At a book-signing by Dawn Prince-Hughes in Berkeley a number of autistic people (me included) discussed being able to tell underlying emotions but not the social masks and such that people were putting on, and how this was different from the usual stereotype of autism.

Donna Williams has written more about it in the book Autism and Sensing, if you want a good deal of detail on this topic. I don’t totally agree with her analysis of it, but I do have a similar underlying experience as her in terms of the patterns we are able to pick up on when symbolic processing is not there to muddle up perception.

The trouble is even perceiving these things doesn’t mean I can always react in ways that show comprehension of it at the time, I am more likely to, for instance in dangerous situations, find my way into a safer part of the pattern, but will not be able to necessarily show comprehension of why I am doing so.
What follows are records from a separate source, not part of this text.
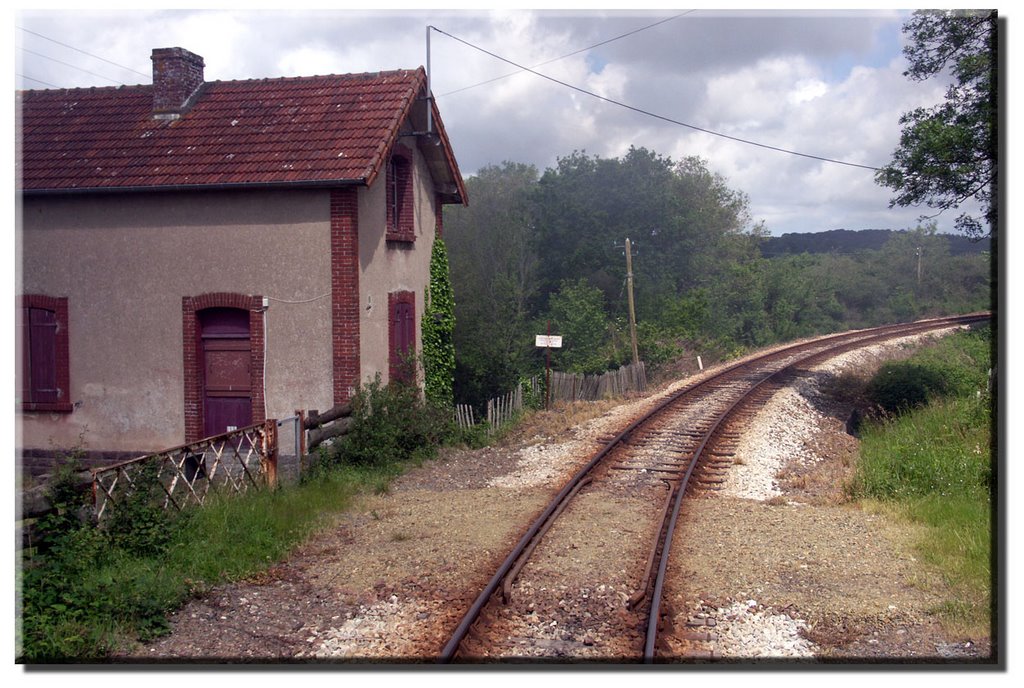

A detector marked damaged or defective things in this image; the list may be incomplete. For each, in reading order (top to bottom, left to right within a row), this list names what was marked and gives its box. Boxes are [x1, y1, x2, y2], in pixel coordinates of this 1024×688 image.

rusty metal railing [89, 420, 276, 520]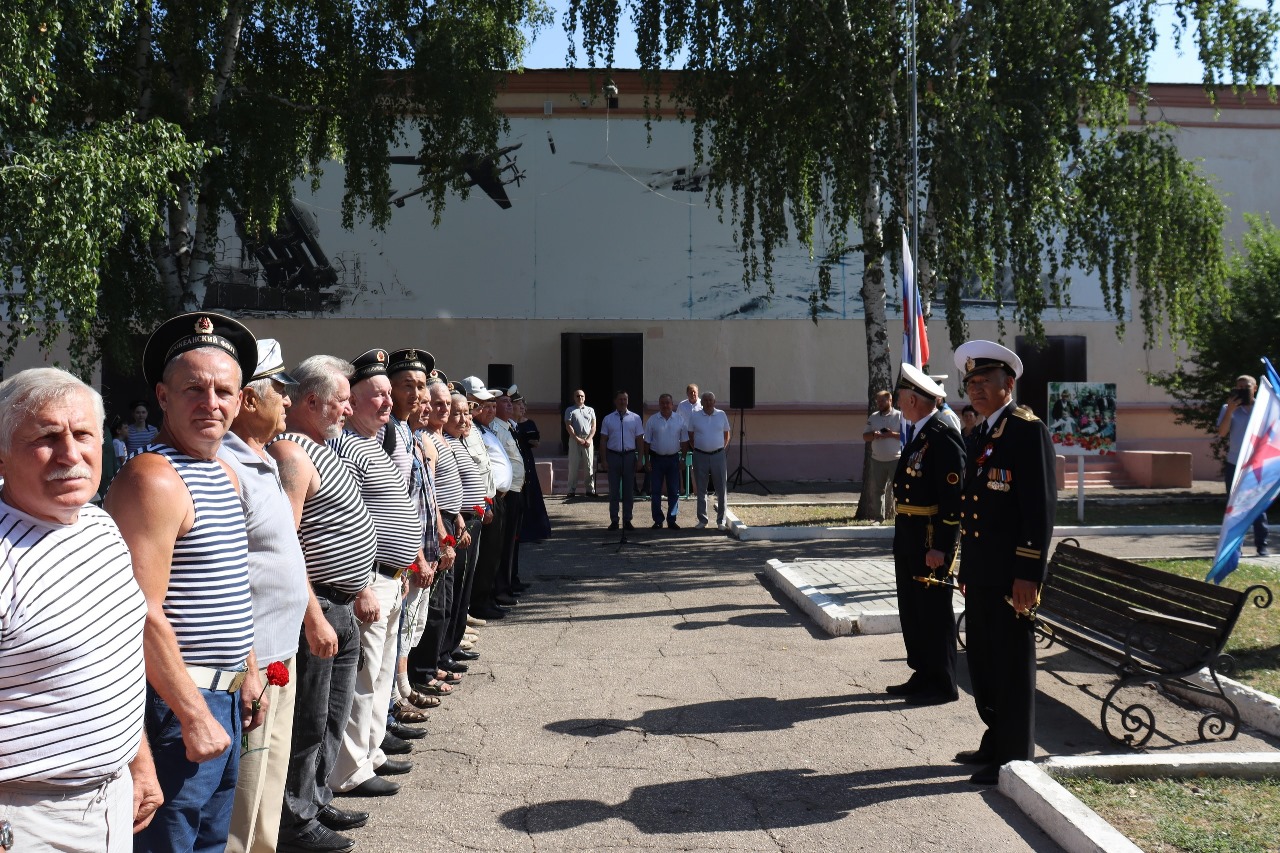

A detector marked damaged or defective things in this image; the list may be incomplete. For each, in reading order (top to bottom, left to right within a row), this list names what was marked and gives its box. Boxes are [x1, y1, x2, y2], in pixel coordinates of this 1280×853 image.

cracked asphalt [343, 499, 1280, 850]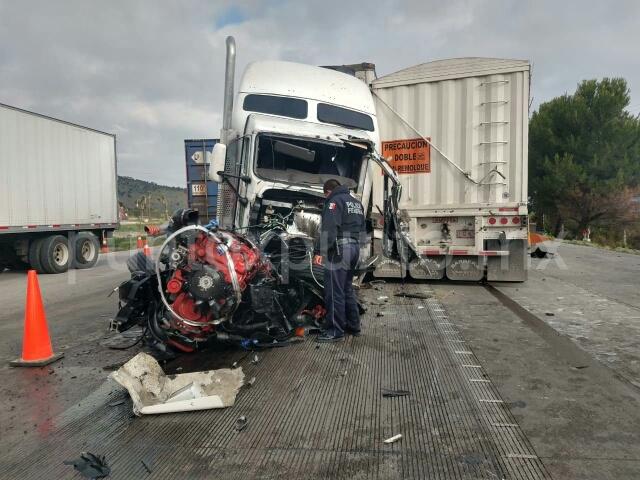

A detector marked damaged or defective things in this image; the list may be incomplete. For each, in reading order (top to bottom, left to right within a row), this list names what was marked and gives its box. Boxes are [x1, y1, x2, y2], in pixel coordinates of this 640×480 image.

destroyed truck cab [208, 36, 400, 266]
wrecked vehicle [112, 209, 328, 352]
broken plastic [110, 352, 242, 416]
broken plastic [63, 452, 110, 478]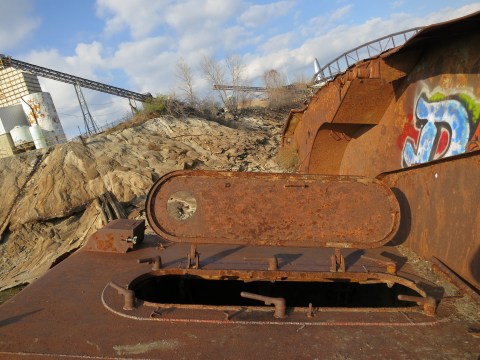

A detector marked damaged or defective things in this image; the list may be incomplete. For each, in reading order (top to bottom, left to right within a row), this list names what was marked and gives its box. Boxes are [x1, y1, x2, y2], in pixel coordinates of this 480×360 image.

rusted bolt [109, 282, 136, 310]
rusted bolt [240, 292, 284, 320]
rusted bolt [396, 294, 436, 316]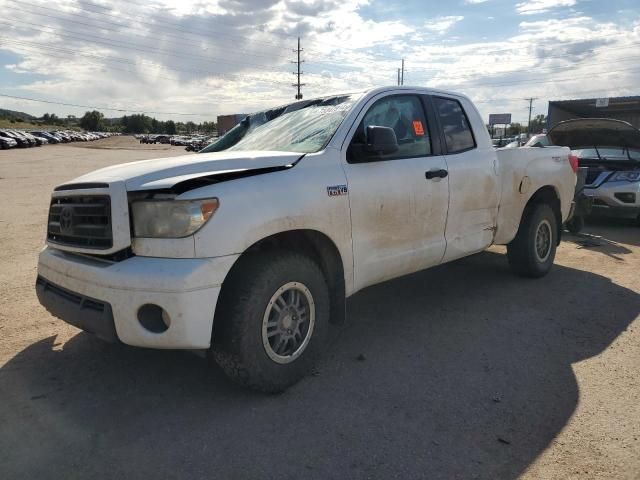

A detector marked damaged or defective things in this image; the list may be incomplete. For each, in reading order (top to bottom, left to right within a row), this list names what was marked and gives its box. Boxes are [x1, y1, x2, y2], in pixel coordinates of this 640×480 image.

damaged hood [548, 117, 640, 149]
damaged hood [65, 150, 304, 191]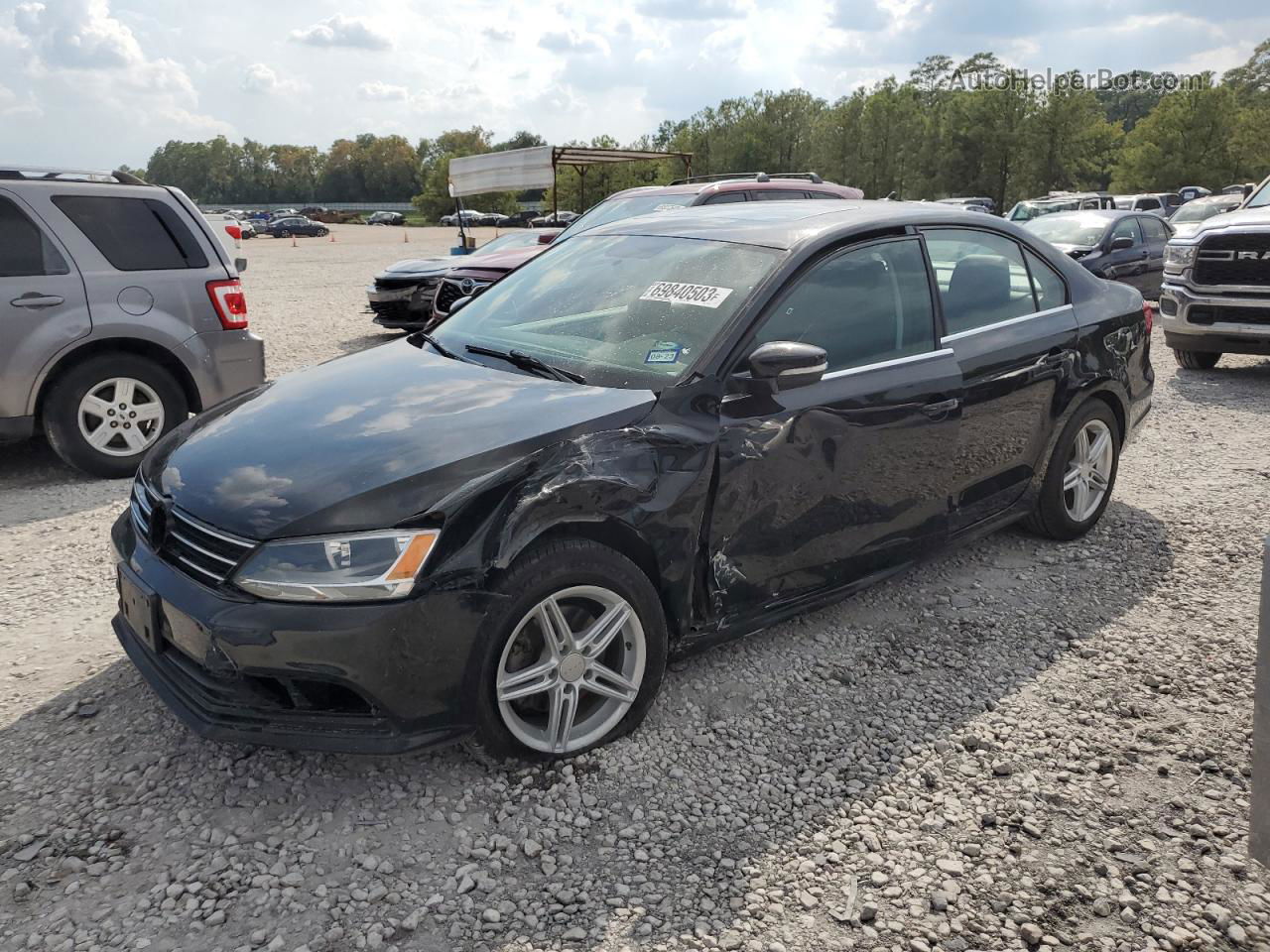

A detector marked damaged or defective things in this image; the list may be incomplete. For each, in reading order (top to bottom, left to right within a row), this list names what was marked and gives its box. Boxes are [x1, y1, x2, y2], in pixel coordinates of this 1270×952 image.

missing front license plate [119, 563, 164, 654]
damaged toyota [114, 200, 1159, 758]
Some people were trying to kidnap me at one point and I instinctively recoiled because of their underlying sliminess but did not realize the precise danger I was in (kidnap and rape) until later when I’d had time to process the language. It’s a different kind of processing, and there are things I miss when I am perceiving in that way, just as there are things that people are missing when they are not perceiving in that way. Sometimes you can come to equivalent conclusions from different parts of the data (“back off because this is slime personified” versus “back off because the things they are saying are things that they would say if they wanted to kidnap and rape you” both result in backing off), and sometimes someone seeing one part will see something the other person seeing the other part does not see and vice versa. Both modes of perception seem valuable.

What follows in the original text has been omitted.